As prioridades do gasto público, incluindo toda sorte de benefícios fiscais e creditícios, devem
ser estabelecidas de maneira democrática, e sua execução rigorosamente fiscalizada. A
Constituição Federal cria amplas condições para esse controle. O PQVD se empenhará para
que os mecanismos constitucionais sejam efetivamente aplicados, a começar por uma revisão
dos benefícios citados, que hoje são um importante componente do déficit público.
Os avanços da Constituição Federal no campo tributário também precisam ser
consubstanciados mediante uma ampla revisão da atual legislação. É preciso assegurar
politicamente o fortalecimento dos estados e municípios e ampliar a transferência de recursos
aos estados e municípios, para que os estados e municípios possam prestar melhores serviços
e possam pagar melhores salários aos funcionários públicos, para atender a renda digna. Além
disso, impõem-se mudanças substanciais na distribuição da carga tributária. Paralela e
complementarmente, é indispensável uma profunda revisão de todos os incentivos fiscais, a
extinção de privilégios injustificáveis desfrutados por alguns setores (como, aliás, prevê a
Constituição Federal) e uma ampla simplificação e modernização do sistema de cobrança de
impostos, a fim de baratear a arrecadação e diminuir a sonegação hoje existente. O PQVD
defende a melhoria contínua da eficiência de atuação dos órgãos públicos e a melhoria
contínua da qualidade dos serviços públicos
Desenvolvimento agrário e política agrícola:
O PQVD defende uma política de reforma agrária que assegure a exploração racional da terra,
subordinada à sua função social, e contribua para elevar os níveis de emprego e de renda dos
trabalhadores rurais. Tal política terá de combinar tributação progressiva e desapropriações de
acordo com as peculiaridades de cada região, de modo a garantir melhor distribuição das
terras.
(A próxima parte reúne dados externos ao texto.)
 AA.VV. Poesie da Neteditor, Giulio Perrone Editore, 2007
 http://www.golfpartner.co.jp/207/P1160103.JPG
Haverão de se combinar também critérios de conveniência econômica, equidade social
e defesa do meio ambiente a fim de assegurar a modernização da produção e coibir formas
selvagens de exploração da terra e da mão-de-obra, especialmente em áreas de fronteira
agrícola e em zonas já intensamente ocupadas, como certas áreas do Nordeste.
Do ponto de vista do PQVD, tal política não é excludente mas, ao contrário, deve
complementar medidas nas áreas de crédito, preços, transportes, armazenagem, seguros,
comércio exterior e pesquisas, com vistas à expansão continuada da produção de alimentos,
no contexto de um plano agropecuário plurianual.
Reforma do sistema financeiro:
O sistema financeiro nacional não tem se adequado às necessidades do desenvolvimento da
economia. Isto se evidencia claramente pela intermitente alta taxa de juros e a incapacidade
do segmento financeiro privado, de prover empréstimos em condições adequadas para
investimentos produtivos. Por isso, a reforma do sistema financeiro supõe uma ampla
reorganização das finanças públicas, com a consequente redução dos juros.
Prolongamento da vida humana:
O PQVD defende o avanço contínuo da pesquisa, sobre o prolongamento da vida humana.
Meio ambiente e preservação dos recursos naturais(compromisso com o presente e futuro):
O PQVD encara a preservação ambiental como um requisito básico do bem-estar social e um
compromisso indeclinável com o presente e com as gerações futuras. Do mesmo modo, o
Partido defenderá uma política urbana que conduza à redução da segregação social nas
grandes cidades e à ocupação racional do solo, combatendo a especulação imobiliária
mediante tributação progressiva e uma adequada política fundiária.
Presença ativa no cenário mundial e universal:
O PQVD defende o apoio para as instituições que ajudem melhorar o Brasil, o planeta Terra e o
Universo. O PQVD entende que a política externa tem uma importância estratégica para o
desenvolvimento do País. O Brasil deve continuar a marcar sua presença no cenário mundial
pelo diálogo e por formas de relacionamento externo baseadas na cooperação e na nãoconfrontação. Os objetivos tradicionais de longo prazo da política externa brasileira –
soberania nacional, autodeterminação, segurança e integridade territorial - deverão ser
afirmados no desempenho de um papel mais ativo da nossa diplomacia, em questões como
integração latino-americana, assim como nas gestões a favor da paz mundial.
Brasília, 19 de Abril de 2011.
Presidente Nacional do PQVD: Jorge Donizetti Ribeiro de Matos.